Implementation specific fields?

michaelvogel · April 2, 2017, 10:57am

Especially with the “social relay” functionality it can make sense to transmit additional data fields that are only relevant for that specific implementation.

I don’t speak about fields like the ones for events or threaded comments. (These ones are useful for Diaspora as well)

On Friendica the unique identifier is the URI in a format like:
urn:X-dfrn:squeet.me:6:962c3e1035ce3f88030ffce2e624407b021bda5b

I would like to transmit this field as well as fields for the title and the body in our own BBCode format.

What do you think? Is it okay? Are the fields okay? How could they be named?

supertux88 · April 2, 2017, 8:44pm

The protocol is extendable, so you can theoretically add whatever you want. But make sure to make them unique, so you don’t have problems if we maybe add a similar field in the future as “official”. So maybe prefix them with dfrn_ or friendica_ or something like that.

I also thought about adding a title field for diaspora, but I don’t know if we really need it. Currently we auto-detect the title when displaying the post. But maybe we can split it before sending it (or even give the user control to set the title, but that would be another discussion). But you could simply use such field, unless your title contains BBCode.

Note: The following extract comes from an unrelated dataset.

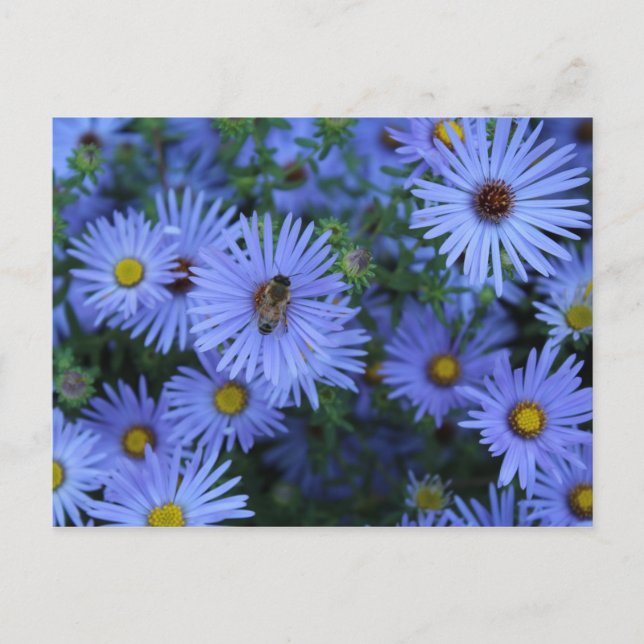 Cartão Postal Hardy Blue Aster nº 2 (Frente)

About BBCode: For posts that isn’t a problem, diaspora just ignores it and throws it away on receive. For comments I don’t like the idea of also add the BBCode version, because diaspora needs to also store it, for the signature, so it somehow doubles the space needed to store in the database (because we need to store the text twice).

So as simple rule:

You can add everything you want to normal entities (diaspora will simply ignore/drop it), just make sure you don’t get collisions in the future.
For relayable-entities: Add fields only if you really need it, because diaspora needs to save the content (for the signatures), so please don’t be wasteful here But if you need it, it wouldn’t be a problem, and if it is useful for others we can maybe even add it to the documentation.

And something slightly off-topic at the end (but since you mentioned BBCode, I want to at least mention it):

I thought about if it would be possible to add Markdown/CommonMark support to Friendica? (Additional to BBCode, because users probably don’t like a hard switch?) So you probably would need a flag if a post was received/created as Markdown or BBCode in the database. Rendering clientside with markdown-it works pretty well at diaspora (so you could probably use the same). And since I use Markdown pretty much everywhere in the internet, it’s maybe also a cool feature for friendica users to use it to write posts? And I think that would help a lot when you don’t need to convert every post between BBCode and Markdown, and with markdown-it it shouldn’t be that hard to display diaspora-posts in the original Markdown format (so you can drop the Markdown to BBCode conversation already). So I know, that that isn’t a quick change (and maybe it isn’t even possible because something blocks it, I don’t know much about friendica), but I just wanted to mention the idea here and you can maybe think about it?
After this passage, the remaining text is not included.